RECORDED DATA Start Marker

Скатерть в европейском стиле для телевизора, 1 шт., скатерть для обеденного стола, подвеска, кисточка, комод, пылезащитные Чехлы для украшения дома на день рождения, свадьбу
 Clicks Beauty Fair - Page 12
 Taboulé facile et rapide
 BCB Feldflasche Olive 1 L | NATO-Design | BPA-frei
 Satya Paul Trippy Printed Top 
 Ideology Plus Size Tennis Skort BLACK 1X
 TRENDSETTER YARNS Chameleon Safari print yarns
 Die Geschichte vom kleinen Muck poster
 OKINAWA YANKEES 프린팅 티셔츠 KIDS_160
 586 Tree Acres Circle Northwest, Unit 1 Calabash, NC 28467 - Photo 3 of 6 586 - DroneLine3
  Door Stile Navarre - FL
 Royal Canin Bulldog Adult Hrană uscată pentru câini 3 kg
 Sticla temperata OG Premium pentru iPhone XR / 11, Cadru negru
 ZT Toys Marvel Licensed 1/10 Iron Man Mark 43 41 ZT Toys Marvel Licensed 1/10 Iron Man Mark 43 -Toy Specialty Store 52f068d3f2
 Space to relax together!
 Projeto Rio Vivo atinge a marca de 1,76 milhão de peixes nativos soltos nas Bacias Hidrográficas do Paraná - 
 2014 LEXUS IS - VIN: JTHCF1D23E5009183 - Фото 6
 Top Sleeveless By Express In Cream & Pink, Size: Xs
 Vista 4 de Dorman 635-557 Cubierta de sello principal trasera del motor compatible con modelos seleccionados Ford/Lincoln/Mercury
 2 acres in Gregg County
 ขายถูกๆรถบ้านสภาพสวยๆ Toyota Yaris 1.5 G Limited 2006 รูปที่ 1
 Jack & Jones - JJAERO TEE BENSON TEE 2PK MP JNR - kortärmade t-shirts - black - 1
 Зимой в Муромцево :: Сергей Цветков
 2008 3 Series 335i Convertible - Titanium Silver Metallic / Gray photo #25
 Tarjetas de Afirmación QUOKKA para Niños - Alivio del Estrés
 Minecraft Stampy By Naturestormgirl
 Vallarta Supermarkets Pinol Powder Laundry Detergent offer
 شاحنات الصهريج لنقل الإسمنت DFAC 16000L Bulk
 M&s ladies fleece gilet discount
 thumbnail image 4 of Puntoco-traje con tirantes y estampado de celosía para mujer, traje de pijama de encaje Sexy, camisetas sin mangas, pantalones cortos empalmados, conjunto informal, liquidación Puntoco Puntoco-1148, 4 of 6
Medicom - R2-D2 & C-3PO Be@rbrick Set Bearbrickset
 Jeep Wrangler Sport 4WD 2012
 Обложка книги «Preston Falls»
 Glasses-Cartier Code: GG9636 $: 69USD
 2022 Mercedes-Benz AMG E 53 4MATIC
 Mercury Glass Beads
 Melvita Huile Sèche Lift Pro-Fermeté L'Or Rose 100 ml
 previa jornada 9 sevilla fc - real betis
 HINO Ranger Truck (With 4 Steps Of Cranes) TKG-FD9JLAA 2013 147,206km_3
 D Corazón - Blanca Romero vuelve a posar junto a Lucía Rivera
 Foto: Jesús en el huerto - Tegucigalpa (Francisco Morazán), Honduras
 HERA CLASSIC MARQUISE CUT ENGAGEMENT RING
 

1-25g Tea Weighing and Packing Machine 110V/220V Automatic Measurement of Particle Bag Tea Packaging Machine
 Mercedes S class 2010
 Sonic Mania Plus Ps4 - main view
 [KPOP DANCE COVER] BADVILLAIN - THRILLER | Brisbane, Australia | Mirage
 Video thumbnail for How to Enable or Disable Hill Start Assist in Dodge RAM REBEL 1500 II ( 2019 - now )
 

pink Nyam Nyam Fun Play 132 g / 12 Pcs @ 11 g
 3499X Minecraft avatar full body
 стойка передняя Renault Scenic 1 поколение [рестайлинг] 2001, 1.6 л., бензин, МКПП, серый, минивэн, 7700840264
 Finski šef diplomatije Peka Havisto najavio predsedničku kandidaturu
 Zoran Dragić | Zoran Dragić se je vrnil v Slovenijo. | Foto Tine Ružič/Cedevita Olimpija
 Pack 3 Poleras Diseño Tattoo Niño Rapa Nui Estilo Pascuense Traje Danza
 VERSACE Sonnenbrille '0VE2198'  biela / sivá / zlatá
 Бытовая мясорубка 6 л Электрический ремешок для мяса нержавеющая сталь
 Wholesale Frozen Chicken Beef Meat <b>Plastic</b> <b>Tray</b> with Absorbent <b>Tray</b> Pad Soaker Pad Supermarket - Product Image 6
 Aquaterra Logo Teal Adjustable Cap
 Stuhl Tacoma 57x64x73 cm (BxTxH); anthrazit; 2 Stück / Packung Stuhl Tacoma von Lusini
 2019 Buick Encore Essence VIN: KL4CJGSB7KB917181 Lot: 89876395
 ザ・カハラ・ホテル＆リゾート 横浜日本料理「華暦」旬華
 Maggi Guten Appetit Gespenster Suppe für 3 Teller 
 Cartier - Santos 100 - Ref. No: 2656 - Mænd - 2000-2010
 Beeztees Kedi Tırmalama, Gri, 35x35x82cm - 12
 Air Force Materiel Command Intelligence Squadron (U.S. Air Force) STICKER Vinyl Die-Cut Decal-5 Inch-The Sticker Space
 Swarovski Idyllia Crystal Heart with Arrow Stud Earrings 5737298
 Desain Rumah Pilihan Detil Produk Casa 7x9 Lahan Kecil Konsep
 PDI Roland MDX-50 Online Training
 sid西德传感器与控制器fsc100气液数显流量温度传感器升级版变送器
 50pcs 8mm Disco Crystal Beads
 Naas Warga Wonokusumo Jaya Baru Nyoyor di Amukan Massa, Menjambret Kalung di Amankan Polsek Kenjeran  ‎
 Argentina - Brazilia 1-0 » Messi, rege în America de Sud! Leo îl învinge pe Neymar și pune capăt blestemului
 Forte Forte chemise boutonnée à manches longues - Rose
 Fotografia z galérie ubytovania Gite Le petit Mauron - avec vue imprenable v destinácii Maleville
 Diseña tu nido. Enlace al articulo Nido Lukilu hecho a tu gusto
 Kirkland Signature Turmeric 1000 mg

RECORDED DATA End Marker

From the records above, return each line that has the string "Size".

--- RESPONSE FOR THIS EXERCISE ---
 Ideology Plus Size Tennis Skort BLACK 1X
 Top Sleeveless By Express In Cream & Pink, Size: Xs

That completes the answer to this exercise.